1. Field of the Invention
The present invention relates to multiple-layer polymeric tubing, and more particularly, to a filler neck made from such tubing.
2. Discussion
Filler necks provide a flow path between a motor vehicle's fuel tank and an external fuel source. Originally, filler necks were constructed from metal tubes that were attached to the fuel tank by brazing. Later, brazing was replaced by the use of mechanical connectors. More recently, manufacturers have introduced filler necks made from tubes comprised of one or more polymeric layers. Although conventional polymeric filler necks exhibit certain advantages over metallic filler necks--including weight reduction, improved stability during collisions, and cost savings--they are not without problems.
For example, a filler neck must often be bent at points along its length to conform to unique space requirements in a particular motor vehicle. Bending the filler neck may, depending on the severity of the bend angle, the rigidity of the polymer, and the hoop strength of the tube, produce kinks that obstruct fuel flow. Although kinks can often be avoided by heating the filler neck and supporting it along the bend radius during a bending operation, such procedures are time consuming and require additional equipment such as bending fixtures and ovens.
Although polymeric materials used in current filler neck designs perform satisfactorily, improvements are needed.

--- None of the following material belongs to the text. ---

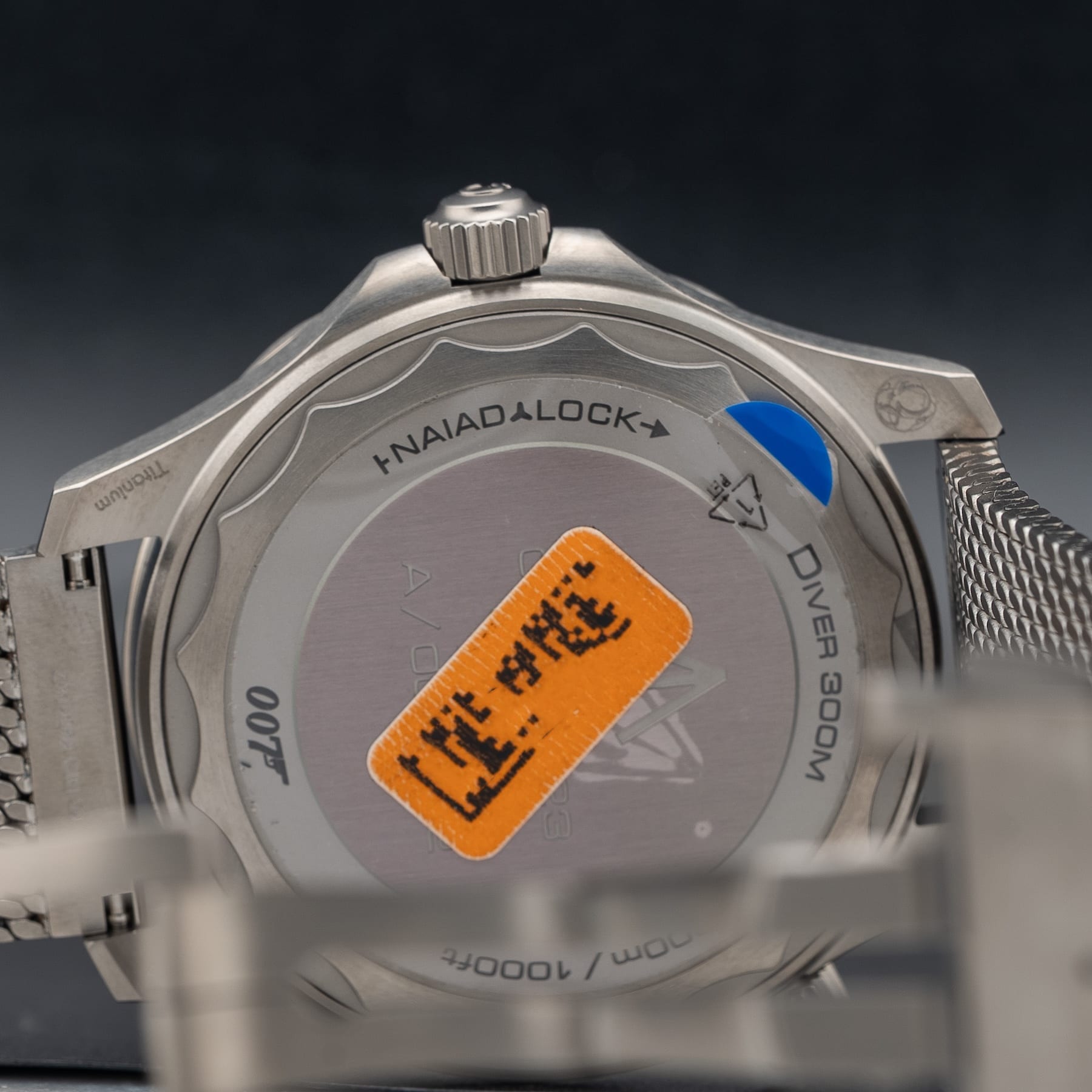 Omega Seamaster Diver 300 007 James Bond Edition on Bracelet 210.90.42.20.01.001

Most non-metallic filler necks are made from polyamides, including Nylon 6, Nylon 6.6, Nylon 11 and Nylon 12. There are many reasons for their widespread use: polyamides resist attack by fuels and fuel additives, are easily and quickly processed, are recyclable, and are available in standard, uniform grades. However, polyamides, and filler neck tubes made entirely from one or more polyamide layers, provide less flame retardancy and abrasion resistance than other melt processible polymers.
Furthermore, filler neck tubing made entirely of polyamides may not meet stringent air pollution standards. It is anticipated that future Federal and state regulations will limit permissible hydrocarbon emissions due to permeation through fuel lines, vapor recovery hoses, and filler neck tubing. For example, regulations that will be enacted in California fix the total passive hydrocarbon emission for a motor vehicle at 2 g/m.sup.2 per 24 hour period as calculated by evaporative emission testing methods such as those described in Title 13 of the California Code of Regulations, section 1976, proposed amendment of Sep. 26, 1991. To achieve the desired total vehicle emission levels, a hydrocarbon permeation level equal to or below 0.5 g/m.sup.2 per 24 hour period would be required.
Finally, filler necks made of polymeric materials are susceptible to degradation by electrostatic discharge. Because polymeric materials are generally poor electrical conductors, fuel flowing through the polymeric filler tube imparts an electric charge to the filler neck. The electric charge accumulates on the filler tube until it is large enough to discharge into a nearby electrical conductor. This charge is repeatedly replenished with the passage of additional fuel through the tube. The electrostatic discharge repeatedly occurs in a localized area, gradually eroding the area and leading to rupture of the tubing.
The present invention is directed to overcoming, or at least minimizing, one or more of the problems recited above.